*Exercise:* Copy exactly. Include the line containing "3D raccoon animations", every line after it, and the last line below, but no pictures.

*Data:*
[Start of section]

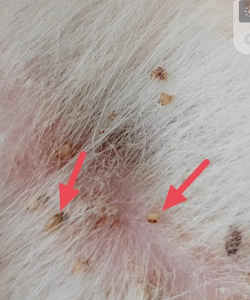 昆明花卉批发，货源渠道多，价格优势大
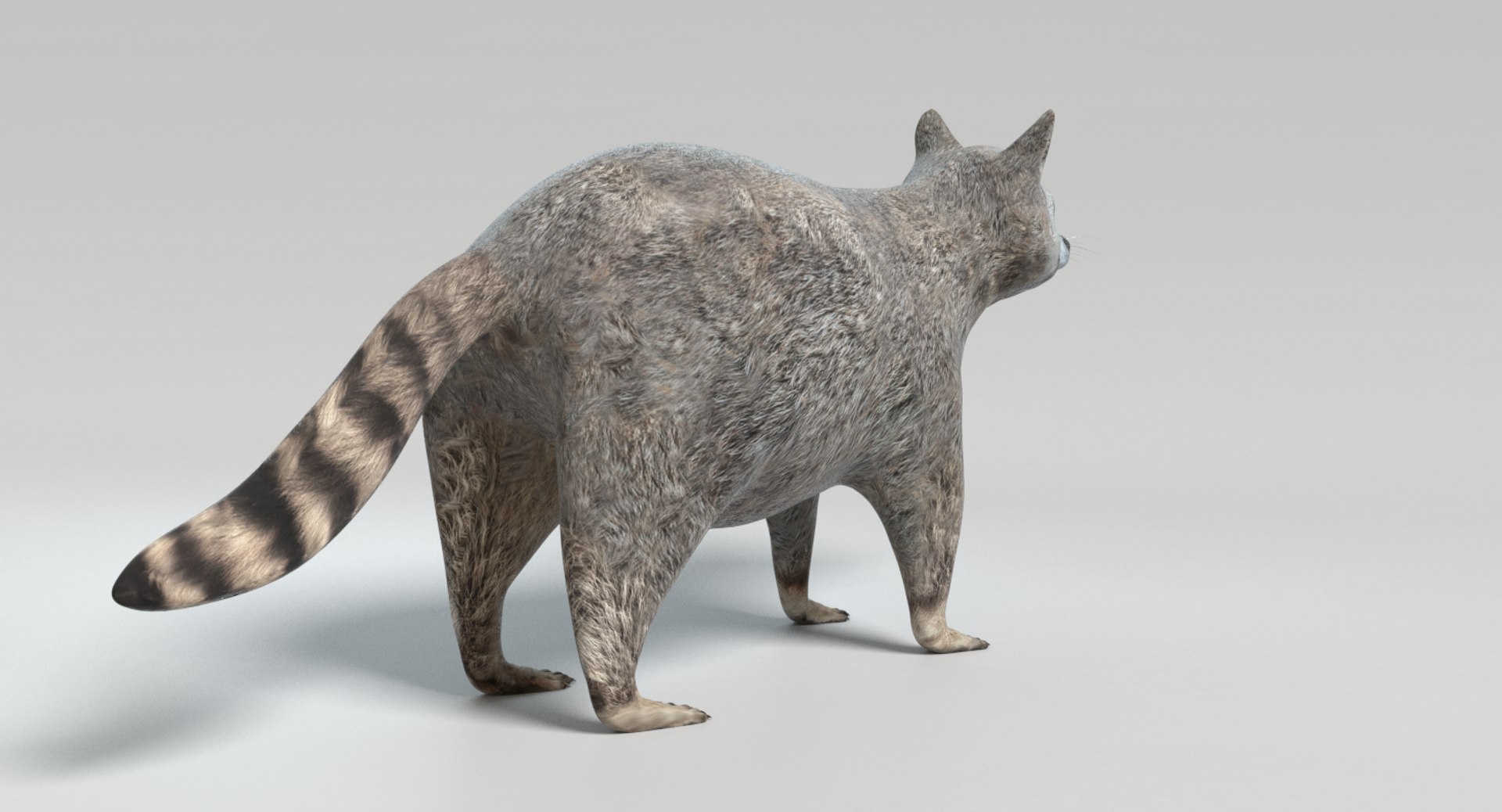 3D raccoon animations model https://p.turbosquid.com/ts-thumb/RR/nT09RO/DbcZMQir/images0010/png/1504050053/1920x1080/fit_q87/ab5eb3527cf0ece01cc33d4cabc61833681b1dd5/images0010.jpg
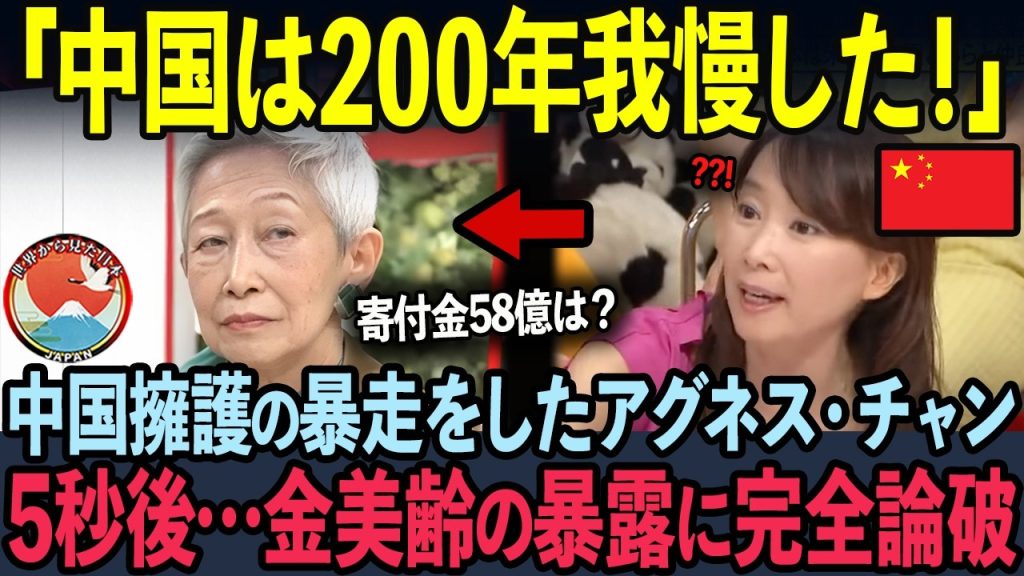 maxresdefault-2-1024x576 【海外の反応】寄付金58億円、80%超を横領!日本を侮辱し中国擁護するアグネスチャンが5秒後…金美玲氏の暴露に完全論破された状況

[End of section]

*Answer to this exercise:*
 3D raccoon animations model https://p.turbosquid.com/ts-thumb/RR/nT09RO/DbcZMQir/images0010/png/1504050053/1920x1080/fit_q87/ab5eb3527cf0ece01cc33d4cabc61833681b1dd5/images0010.jpg
 maxresdefault-2-1024x576 【海外の反応】寄付金58億円、80%超を横領!日本を侮辱し中国擁護するアグネスチャンが5秒後…金美玲氏の暴露に完全論破された状況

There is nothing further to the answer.